五個荘町は湖東地方の中部、田園と丘陵が交錯し農村集落が散在する。町内には近江商人屋敷と呼ばれる豪商の旧家が多く残ることが特徴的で、それらが伝統的な町並を形成している。
近江国では八幡(現近江八幡市)や日野などで商家が発達し、五個荘はやや遅れを取ったがそれでも既に18世紀前半の享保年間には京都をはじめ各地に店を出すものが現れ、やがて江戸へ出店する商人も多く現れた。
行商も盛んに行われ、木綿や繰綿・生糸・麻その他多くの商品を手に、上方はもちろんのこと西日本一帯から東北、蝦夷地にいたるまで天秤棒を担いで全国を渡り歩いた。
明治以降も発展は続き、繊維関係の67軒の商人のうち13軒が県外に店舗を持っていたとの記録もある。
町並景観として特徴的なのは、もともとは農村集落であったため敷地が広く、豪農宅といった風情が感じられることだ。ここで紹介する金堂集落はその代表的なもので重要伝統的建造物群保存地区にも指定されている。

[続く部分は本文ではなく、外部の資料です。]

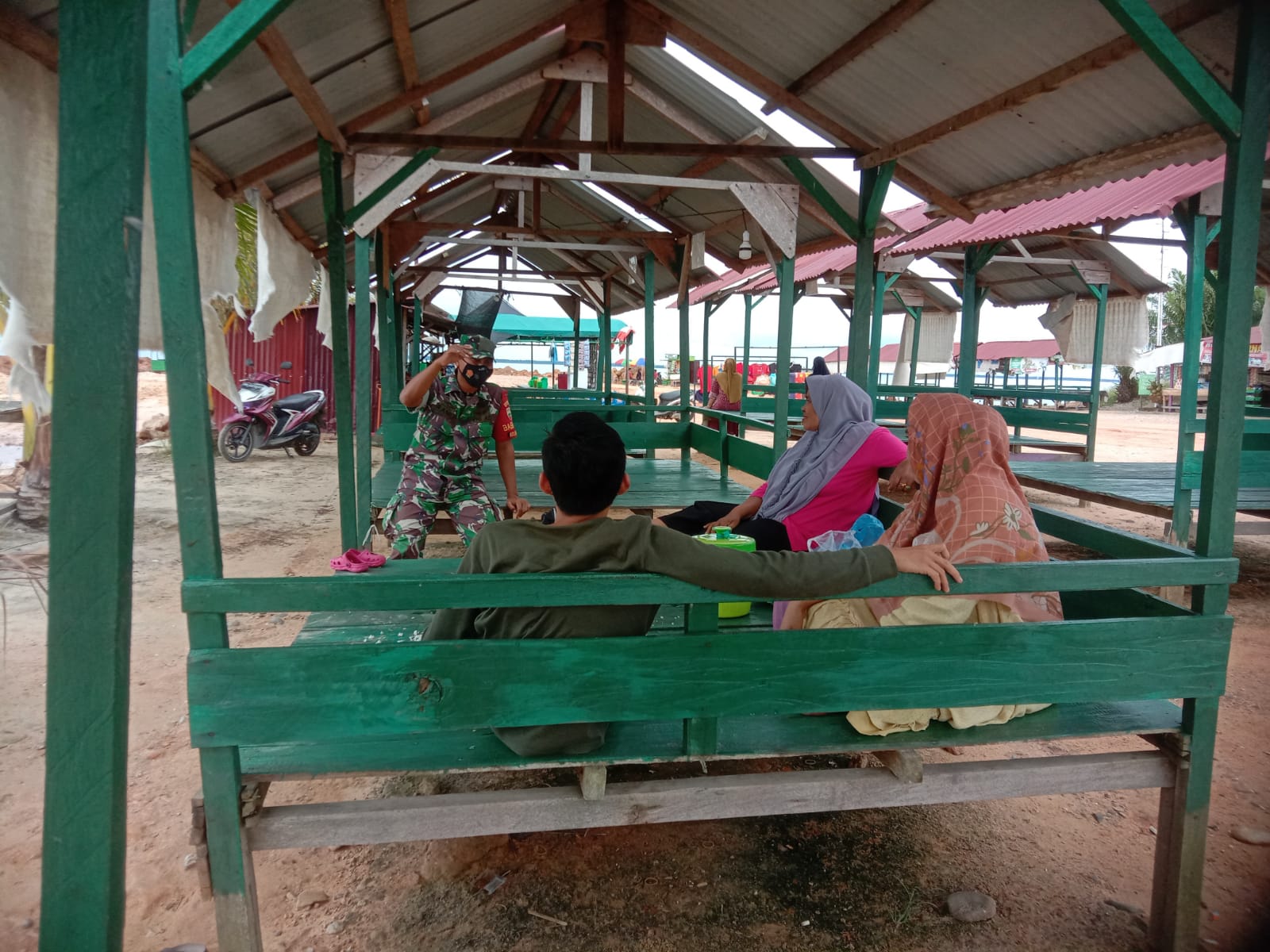 Sertu Ramli Ingatkan Pengunjung Pantai Koneng Soal Covid-19 dan Karhutla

琵琶湖に注ぐ川は、途中から涸れ川となっているものが多い。流れが地下に潜り込み伏流水となっている。この地域はその流れが細かく分かれて地表に表れてくるところで、豊かな水の風景が展開している。豊かに繁る水草は、流れの清いことを証明しており、屋敷庭内にはこの水を引き入れ生活に利用する工夫がなされている。水路が潤いのある集落風景を形作っている。堀には鯉が泳ぎ、一見いかにもと思わせるが、それが観光客に迎合したものには映らない。